Enrico Franceschini, la Repubblica 27/6/2013, 27 giugno 2013
ABUSI E CORRUZIONE COSÌ È CROLLATO ANCHE IL MITO DI SCOTLAND YARD
L’Inghilterra aveva tre miti: il suo parlamento, i suoi media e la sua polizia. Due sono caduti nella polvere nell’ultimo anno e mezzo: prima la camera dei Comuni svergognata, e in qualche caso (come quello dei film porno messi in conto al contribuente dalla ministra degli interni) ridicolizzata, dallo scandalo dei rimborsi spese truccati dai deputati di tutti i partiti; poi la stampa (in particolare i tabloid di Rupert Murdoch) screditata dalle intercettazioni illecite a uso scoop da sbattere in prima pagina e la Bbc travolta dalle accuse di pedofilia e abusi sessuali. Adesso sta crollando anche il terzo pilastro di quella che era considerata la superiorità anglosassone: Scotland Yard, vale a dire il corpo di polizia più famoso del pianeta, i bobbies disarmati e disarmanti, gli investigatori gentili e solerti ma spesso infallibili.
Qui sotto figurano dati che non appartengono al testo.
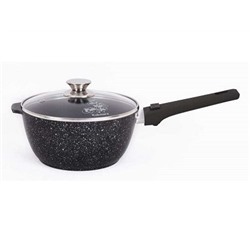 Ковш 2,2л со съемной ручкой, стекл. крышкой, АП (темный мрамор)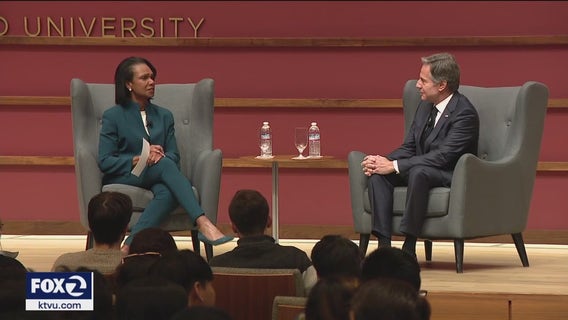 Secretary of State Antony Blinken sits down with Condoleezza Rice at Stanford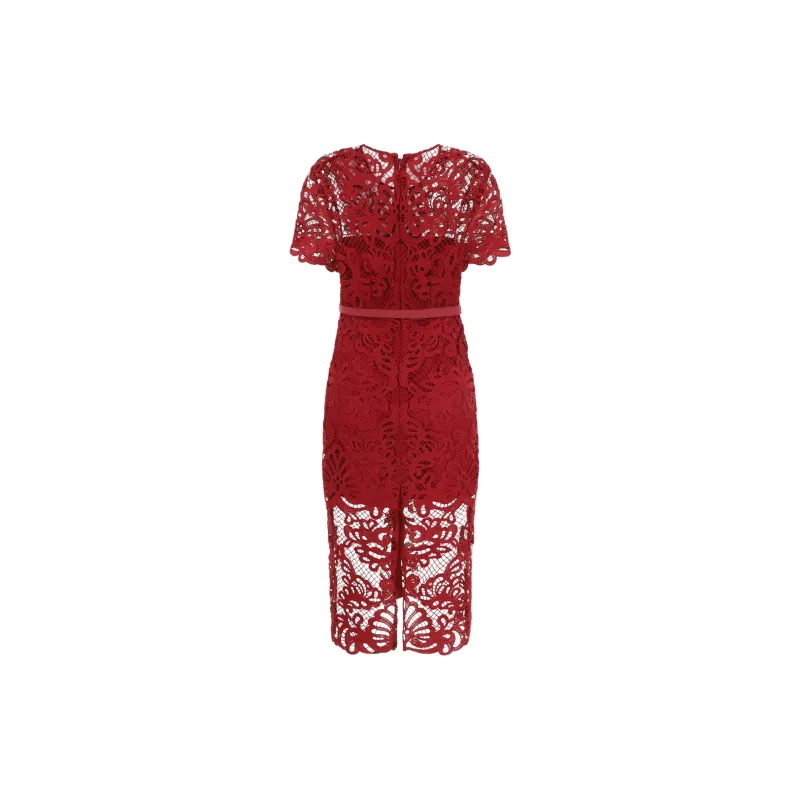 Self portrait Guipure Lace Button Midi Dress-1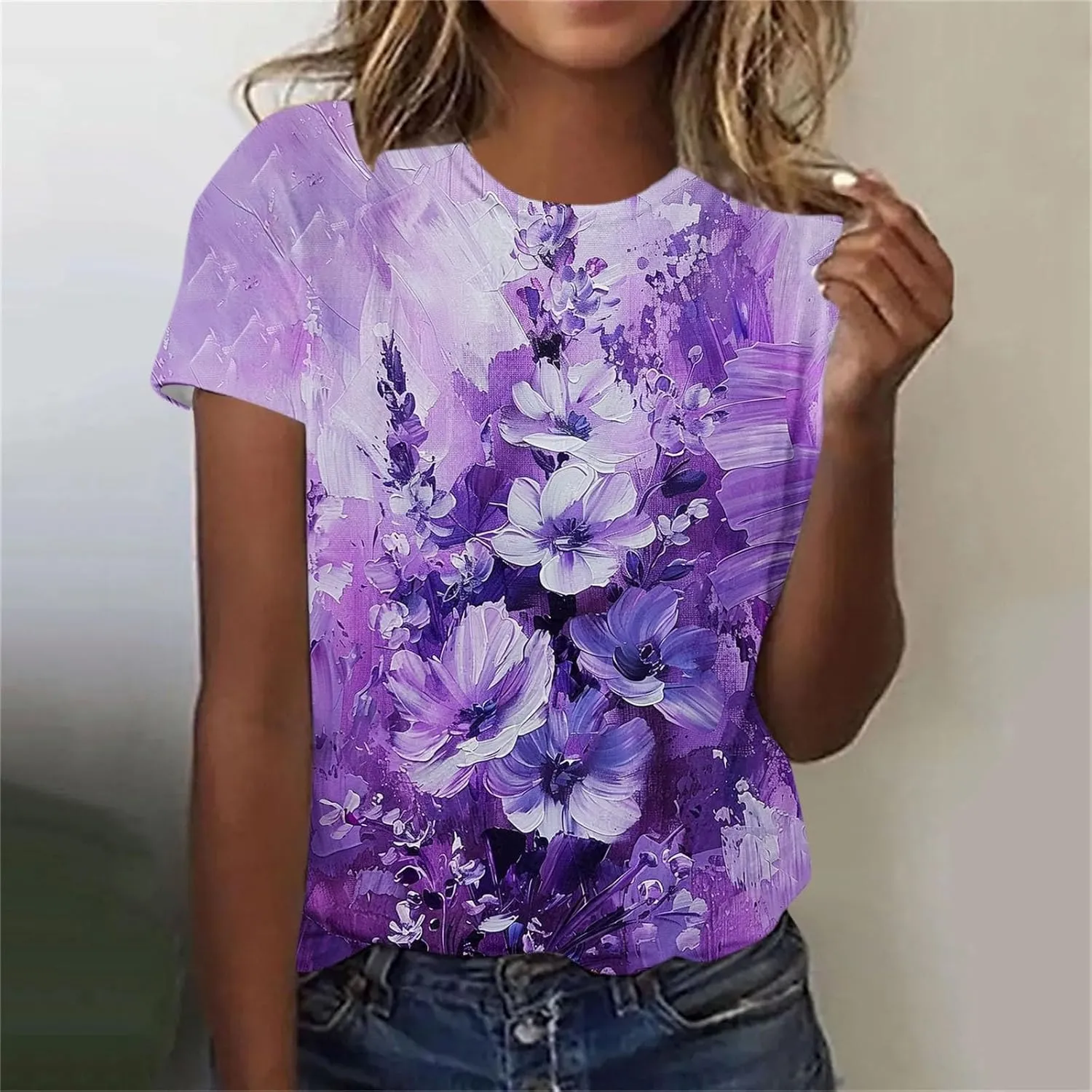 Alzheimers Awareness Shirts Women Summer Floral Print Tops O Neck Short Sleeve Lightweight Breathable Basic Clothing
Una reputazione cristallina, improvvisamente spazzata via dal vespaio di cover-up, corruzione, violenze, discriminazioni e abusi di ogni genere che sta venendo fuori in questi giorni.
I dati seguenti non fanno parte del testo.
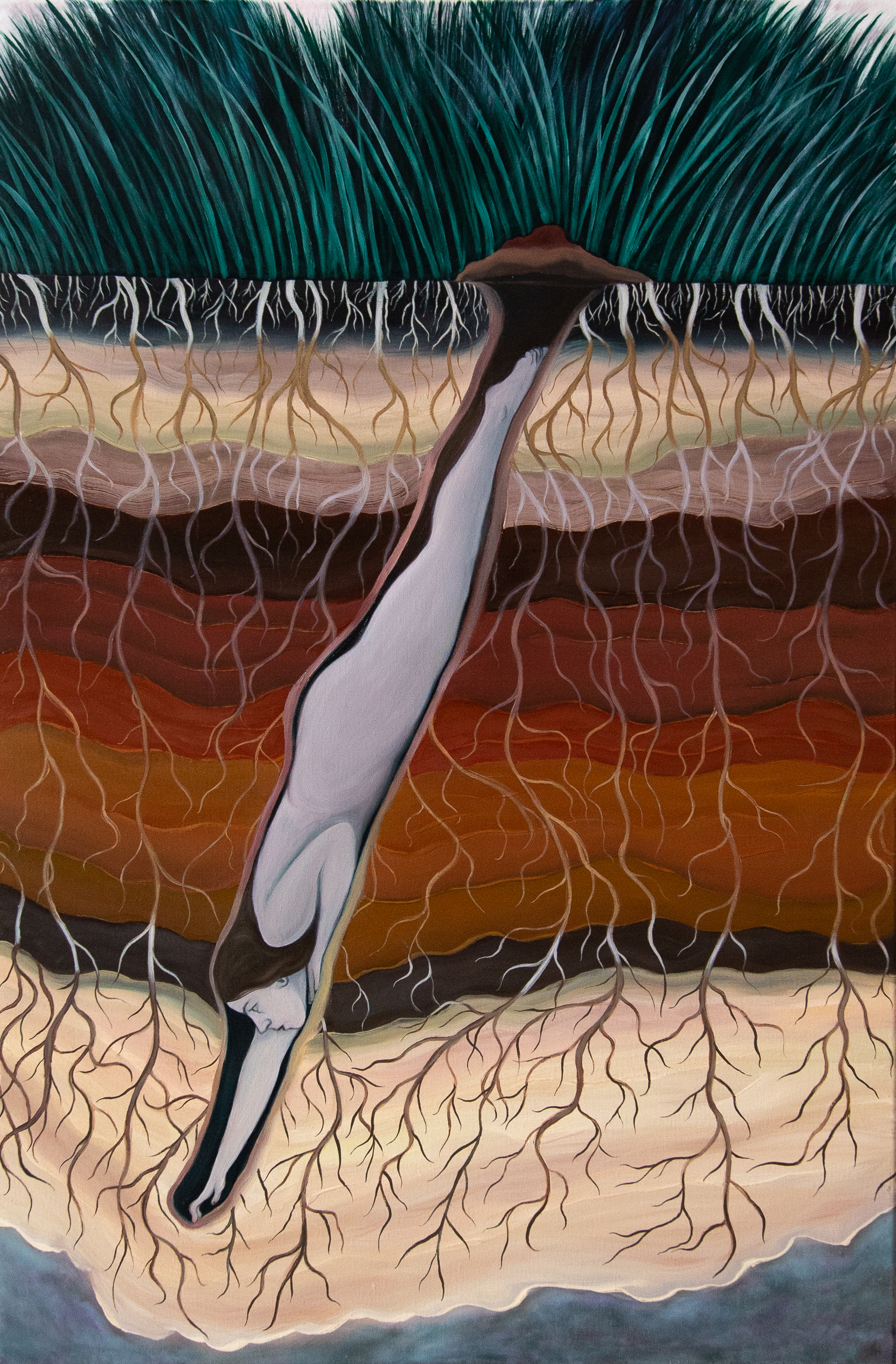 Painting of nude woman with a light skin tone, seen in profile, as she burrows into the ground among layers of soil, clay, roots, and rock, with tall green grass above.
L’elenco è lungo. Si parte dalla fine e poi, come nei romanzi, una serie di flash-back fa affiorare verità scomode andando a ritroso nel tempo. Si comincia con la scoperta che la Metropolitan Police, la polizia londinese, aveva organizzato una campagna diffamatoria nei confronti dei familiari di Stephen Lawrence, un giovane nero assassinato nel 1993 da una gang di bianchi in uno dei più gravi episodi di razzismo della storia recente del Regno Unito: un processo farsa portò all’assoluzione degli imputati (condannati soltanto lo scorso anno in un nuovo procedimento giudiziario) e solo ora salta fuori che le forze dell’ordine diedero una mano per offuscare prove e colpevolizzare la vittima. «Sconvolto» dalle rivelazioni, il primo ministro Cameron ha ordinato un’inchiesta. Si prosegue con la notizia che 9mila cosiddetti “estremisti”, in effetti militanti di movimenti ecologisti, animalisti, anti-capitalisti, erano tenuti sotto controllo, pedinati, intercettati pur senza aver commesso alcun reato, e che la polizia li infiltrava con propri agenti ai quali era concesso avere rapporti sessuali e perfino fare figli con le donne di questi gruppi, per guadagnarne la fiducia e raccogliere informazioni. Quindi si apprende che detective di Scotland Yard lavoravano part-time per il crimine organizzato per intimidire testimoni prima dei processi.
E non è finita. L’edicolante innocente ucciso per caso durante le manifestazioni di protesta contro il G20 del 2009 a Londra: l’agente che gli fece sbattere la testa per terra è andato in pensione, è stato riassunto con discrezione e non ha mai ricevuto neanche una sanzione disciplinare. Il giovane brasiliano ucciso da una raffica di mitra nel metrò della capitale dopo l’attentato del 2005: dopo rinvii e omissis, il poliziotto è stato assolto. Il disastro di Hillsborough, i 96 tifosi del Liverpool morti allo stadio nel 1989: risulta ora che la polizia cercò di coprire le proprie colpe. E così via. «Invece del lungo braccio della legge, la nostra polizia somiglia a una cospirazione contro coloro che dovrebbe difendere», riassume Trevor Kavanagh, il columnist più rispettato del Sun. Così, dopo Westminster, madre di tutti i parlamenti, e Fleet street, culla del giornalismo moderno, anche il mito di Scotland Yard finisce in frantumi. Forse non era un caso che Sherlock Holmes preferisse indagare da solo.